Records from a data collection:
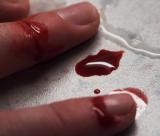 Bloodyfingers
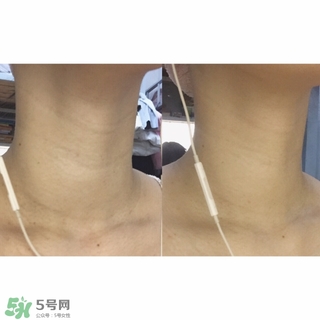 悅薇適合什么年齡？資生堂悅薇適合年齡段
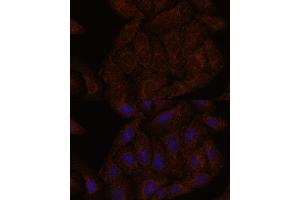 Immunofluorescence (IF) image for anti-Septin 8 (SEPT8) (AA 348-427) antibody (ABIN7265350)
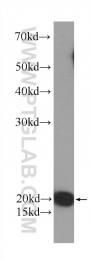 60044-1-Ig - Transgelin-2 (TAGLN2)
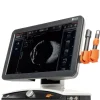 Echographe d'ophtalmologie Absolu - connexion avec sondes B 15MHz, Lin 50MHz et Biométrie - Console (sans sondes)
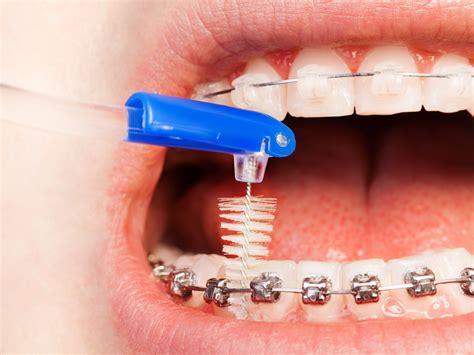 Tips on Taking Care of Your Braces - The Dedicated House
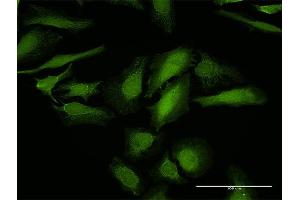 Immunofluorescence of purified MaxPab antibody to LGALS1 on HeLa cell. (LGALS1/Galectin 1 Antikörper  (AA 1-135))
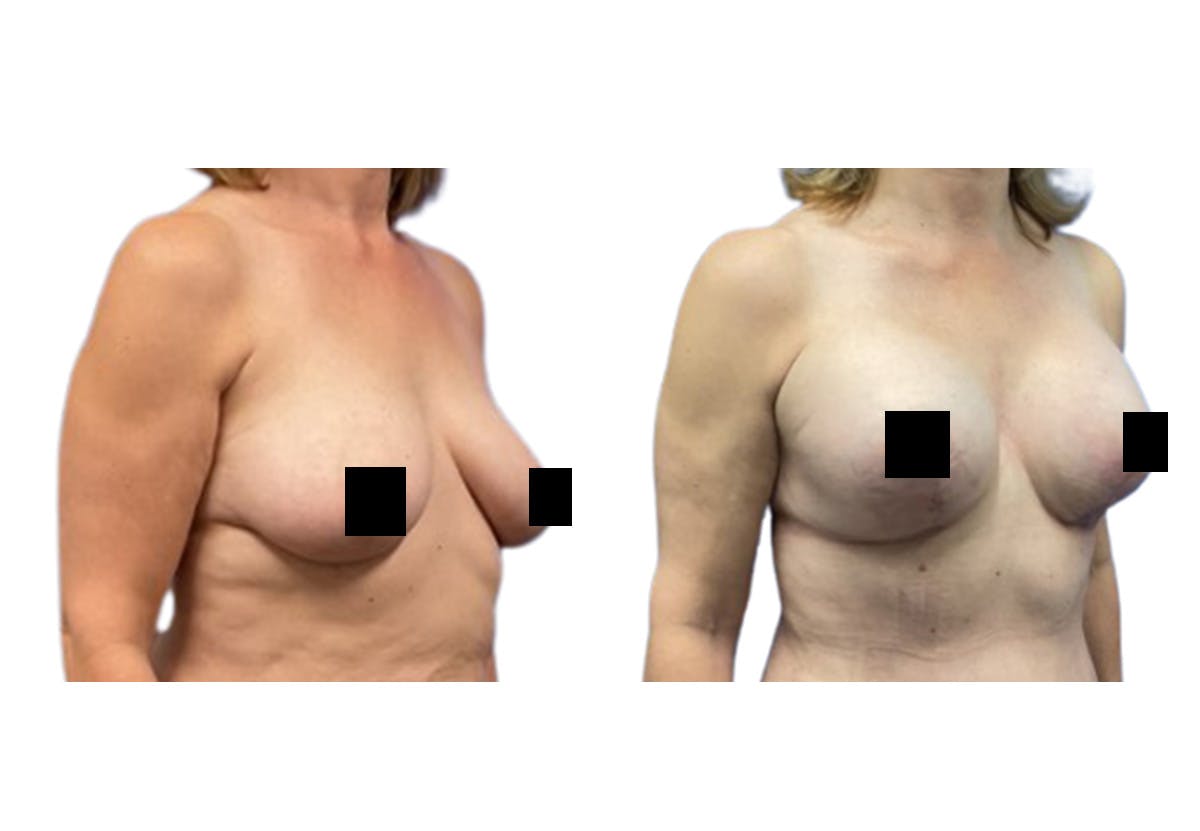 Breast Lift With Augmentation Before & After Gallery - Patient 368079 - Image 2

TASK GOAL ::
Please write out, word for word, only the lines from the one holding "The Dedicated House" through the end of the records above, with both end lines included and the pictures dropped.

ANSWER TO THE PROBLEM ::
 Tips on Taking Care of Your Braces - The Dedicated House
 Immunofluorescence of purified MaxPab antibody to LGALS1 on HeLa cell. (LGALS1/Galectin 1 Antikörper  (AA 1-135))
 Breast Lift With Augmentation Before & After Gallery - Patient 368079 - Image 2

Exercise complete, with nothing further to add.